I’m pretty picky about fiction. I tend to read titles that have been recommended to me in some way: friend, podcast, or book club. I’m also a little stingy when it comes to how many stars I give a book on Amazon or Goodreads.
The Hideaway (2017) was a title that kept showing up on my Libby library app as I searched for a new fiction read. I was not familiar with the author, and I had swiped past it a couple times. This month it popped up again, and I took a moment to read the book description. It may have been the intriguing recommendation by Patty Callahan Henry (author of Becoming Mrs. Lewis) cover that pushed me to check out the book:
in the greatest southern traditions of storytelling.”
The Hideaway is a story with dual timelines, one in the present and the other beginning in 1960. I enjoy dual timelines, but it’s not always well done. In The Hideaway, it is masterfully well done.
One timeline tells the reader about Sara, the owner of “Bits & Pieces” in New Orleans. She loves her life as it is: staying busy with her shop, refinishing old furniture, and redecorating projects.

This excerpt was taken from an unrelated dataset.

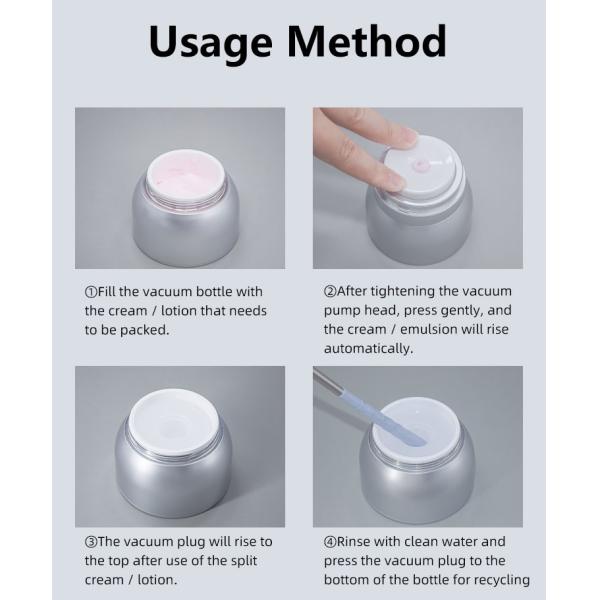 30г/50г Кастомизированный цвет и персонализированный логотип Акриловая бесвоздушная банка Уход за кожей Косметическая банка Упаковка для ухода за кожей UKC44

She doesn’t realize that anything is missing in her life until her grandmother dies unexpectantly. She is called back to Sweet Bay, her hometown, and all its memories she left permanently. Or so she thought.
Sara assumes her time in Sweet Bay, Alabama, will only be long enough to take care of the funeral and other necessary duties. Instead, she winds up with an unexpected inheritance, but with a charge from her grandmother, stated in the will. Now Sara begins the real journey, with an old house and discoveries about her grandmother’s past that she never knew.
Once from high society and married into an influential family, Mags became an eccentric character who was well-loved in her community. She is the owner of The Hideaway, formerly a bed and breakfast, now a community-dwelling with two other couples who never left from their stay. Mags reveals from her perspective what events transpired in her life that got her to The Hideaway in 1960 and why she decided to stay.
Both characters become strong women, but not necessarily by determination alone. There are hard choices and heartbreaks along their paths in life, which become intertwined in an unexpected way.
Once into the book, it only took me only a couple days to finish. It was hard for me to put down because I wanted to keep reading of Sara’s discoveries about her grandmother’s life that she never anticipated. This book got a 5-star review from me on Goodreads.
The Hideaway would be an excellent book club read, with many details to discuss the two protagonists. (There are book club discussion questions at the back of the book.)